Start of Data for processing

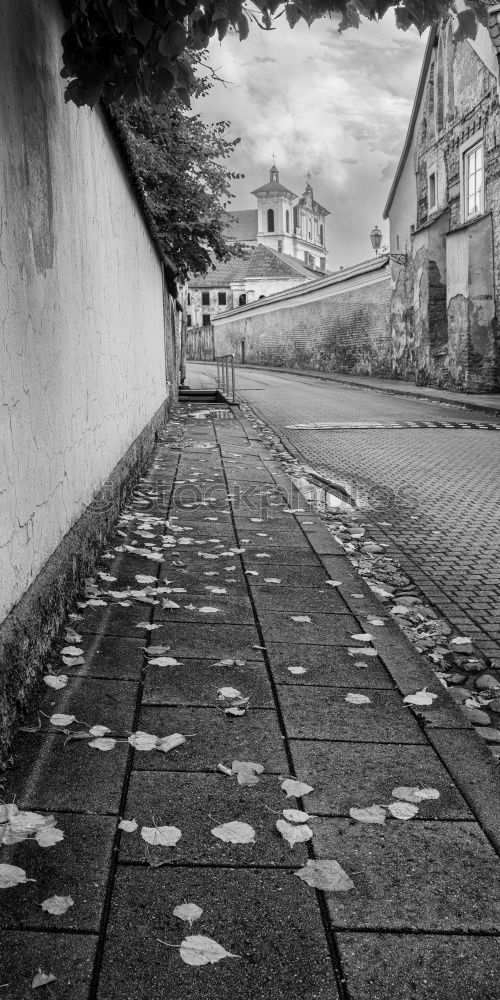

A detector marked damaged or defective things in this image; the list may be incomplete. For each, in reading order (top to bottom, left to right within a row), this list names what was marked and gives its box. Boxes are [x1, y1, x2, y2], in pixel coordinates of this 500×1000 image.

cracked stucco wall [0, 0, 168, 624]
wall with peeling paint [0, 1, 168, 624]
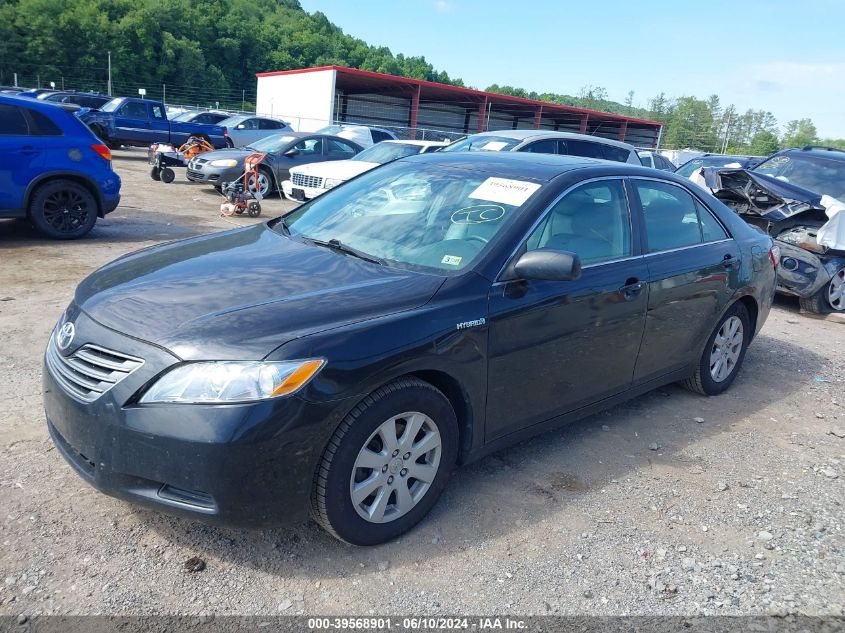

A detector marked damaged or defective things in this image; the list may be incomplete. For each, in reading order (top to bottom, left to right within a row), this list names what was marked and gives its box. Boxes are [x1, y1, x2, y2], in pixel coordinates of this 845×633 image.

damaged blue suv [0, 94, 120, 239]
wrecked vehicle [700, 149, 844, 316]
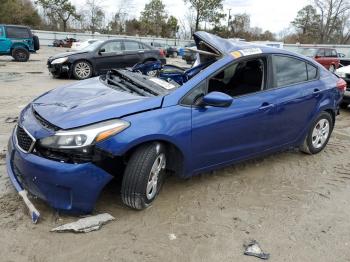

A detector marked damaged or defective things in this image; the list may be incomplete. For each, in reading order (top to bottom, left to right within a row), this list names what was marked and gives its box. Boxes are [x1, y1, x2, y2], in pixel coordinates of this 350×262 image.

cracked headlight [39, 119, 130, 148]
damaged kia forte [5, 31, 344, 222]
damaged front bumper [5, 131, 113, 221]
broken bumper cover [6, 135, 113, 215]
broken plastic debris [50, 213, 115, 233]
broken plastic debris [243, 241, 270, 258]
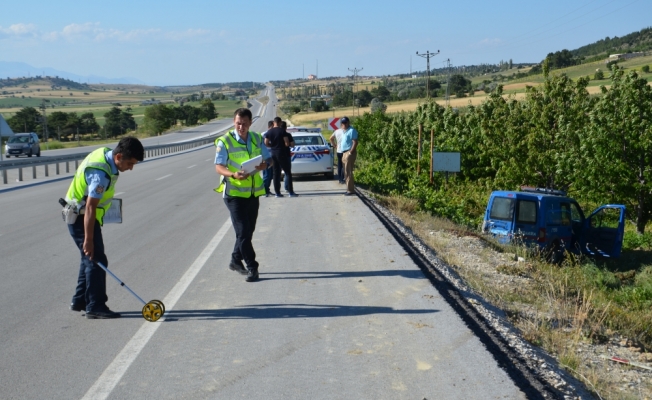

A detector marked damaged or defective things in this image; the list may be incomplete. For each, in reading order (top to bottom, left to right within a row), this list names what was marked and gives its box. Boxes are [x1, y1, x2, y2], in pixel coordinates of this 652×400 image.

crashed blue van [484, 187, 628, 260]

End of Data for processing

• [Task prompt]: Apart from its pictures, the material above should be repeated exactly.

• [Solution to the exercise]:
A detector marked damaged or defective things in this image; the list may be incomplete. For each, in reading order (top to bottom, left to right within a row), this list names what was marked and gives its box. Boxes are [x1, y1, x2, y2], in pixel coordinates of this 500×1000 image.

cracked stucco wall [0, 0, 168, 624]
wall with peeling paint [0, 1, 168, 624]

A detector marked damaged or defective things in this image; the list may be incomplete. For each, in reading order (top to bottom, left to right within a row), this list names what was marked and gives its box. Boxes are [x1, y1, x2, y2], in pixel coordinates of this 845×633 image.

damaged blue suv [0, 94, 120, 239]
wrecked vehicle [700, 149, 844, 316]

A detector marked damaged or defective things in this image; the list may be incomplete. For each, in reading order (top to bottom, left to right within a row), this list names what was marked and gives its box. Boxes are [x1, y1, x2, y2], in pixel coordinates of this 350×262 image.

cracked headlight [39, 119, 130, 148]
damaged kia forte [5, 31, 344, 222]
damaged front bumper [5, 131, 113, 221]
broken bumper cover [6, 135, 113, 215]
broken plastic debris [50, 213, 115, 233]
broken plastic debris [243, 241, 270, 258]

A detector marked damaged or defective things in this image; the list may be incomplete. For each, in reading order (top to bottom, left to right within a row), this list names what was marked and gives its box. Boxes are [x1, y1, x2, y2], in pixel coordinates of this 652×400 image.

crashed blue van [484, 187, 628, 260]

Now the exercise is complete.